Legends never die, that is an absolute fact. Some legends never live past fifty years of age, often leaving their mortal coil through tragedy or illness. For Alexander Fu Sheng (1954-1983), a single car accident was the cause of his demise and in the early morning hours of July 7, 1983, he died at the young age of twenty-eight. He left behind grieving parents, siblings and his widow Jenny Tseng, an accomplished Hong Kong singer who has also performed abroad. At the time of his death, he had risen to become one of the most popular stars to come out of the legendary Shaw Brothers Studio. Before ceasing film production in late 1985, Shaw Brothers had released several hundred films which had been locked away until Celestial Pictures bought the rights to the films and digitally remastered the majority of the collection. As a long-term fan of the martial-arts film genre, I had amassed a large collection of films which included all of Fu Sheng’s movies. My favorite is the film that catapulted him to international stardom, The Chinatown Kid (1977). Terrence J. Brady gave this biography the perfect finishing touch by included the name of that film in the title of this book. His exhaustive efforts have resulted in the only known biography of the late film star.
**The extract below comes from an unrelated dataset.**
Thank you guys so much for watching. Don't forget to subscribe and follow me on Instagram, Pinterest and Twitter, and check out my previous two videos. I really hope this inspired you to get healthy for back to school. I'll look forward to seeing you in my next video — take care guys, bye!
If you have no idea who Fu Sheng was, I do recommend that you watch some of his films, a full list of which can be found here. It should be noted that the list does not contain The Mark of the Eagle which was being filmed at the time of his death. The project was shelved permanently. Readers familiar with Black Belt Theater will feel a sense of nostalgia as memories of Saturday afternoons filled with Shaw classics then distributed by the World Northal Corporation. It truly is an era that we will never again see. Today, CGI and fancy camerawork has replaced the old-school method of filming that relied heavily on coordination, training and relentless stamina. Many Shaw Brothers stars are still alive, well into their 60s, 70s and even 80s. The Shaw studio is long gone, but the magic they created will last a lifetime. Fu Sheng was part of that magic and Terrence J. Brady has finally put together the true story of his short and extraordinary life.
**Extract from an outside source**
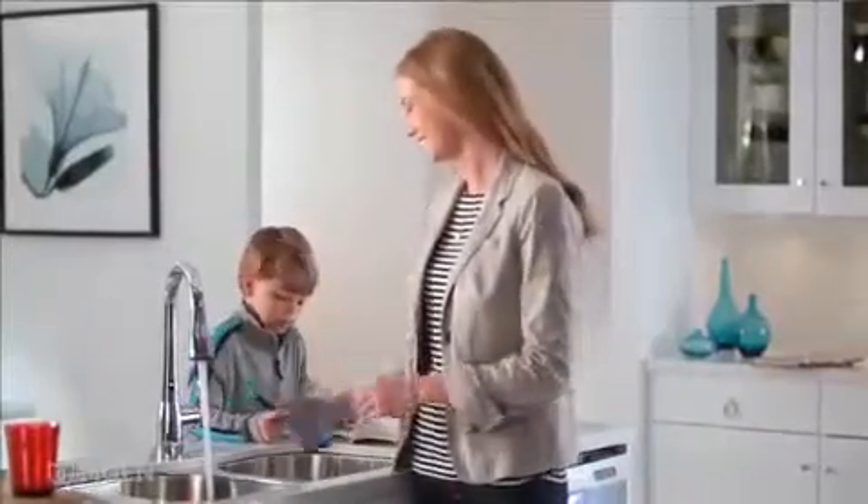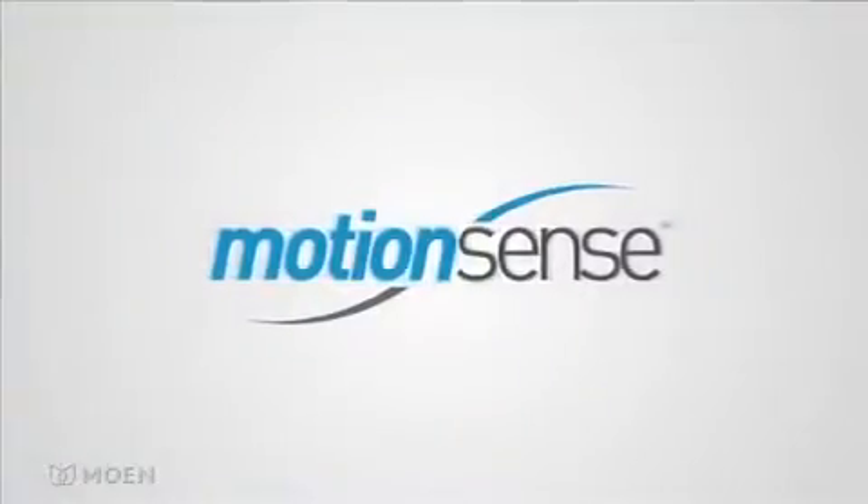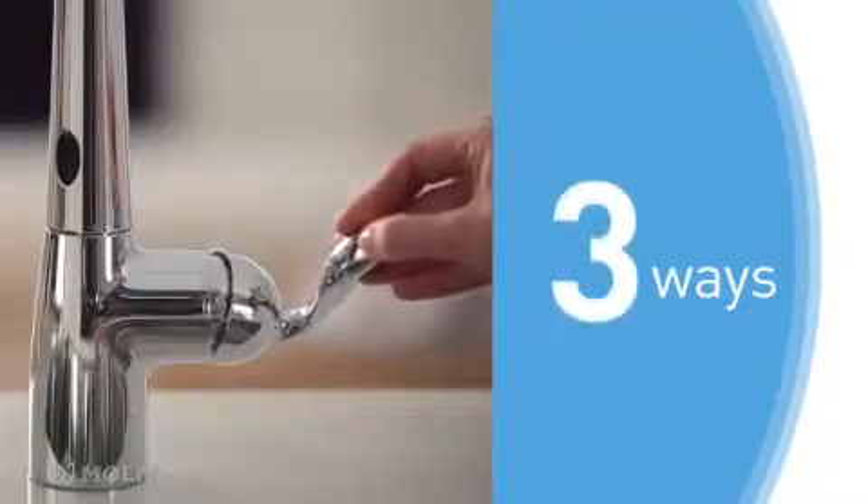Now you can turn on your kitchen faucet without touching it with MotionSense, Moen's innovative hands-free faucet. There are three unique ways to control the faucet with MotionSense.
The book is without question a biography, but the author did a great job of providing a tremendous amount of back-story for the topics at hand. In fact, throughout the book, snippets of Chinese military and literary history are included showing the link between China’s past and what the filmmakers had intended to capture on-screen. Undoubtedly, Fu Sheng is the star of this story and Brady carefully retraces his steps from film extra to superstar. And along the way, he was surrounded by cinema greats who became mentors, friends and mourners. Their stories and their relationships with Fu Sheng show the very personal side to the individuals who helped create the films that I and scores of others have come to cherish dearly.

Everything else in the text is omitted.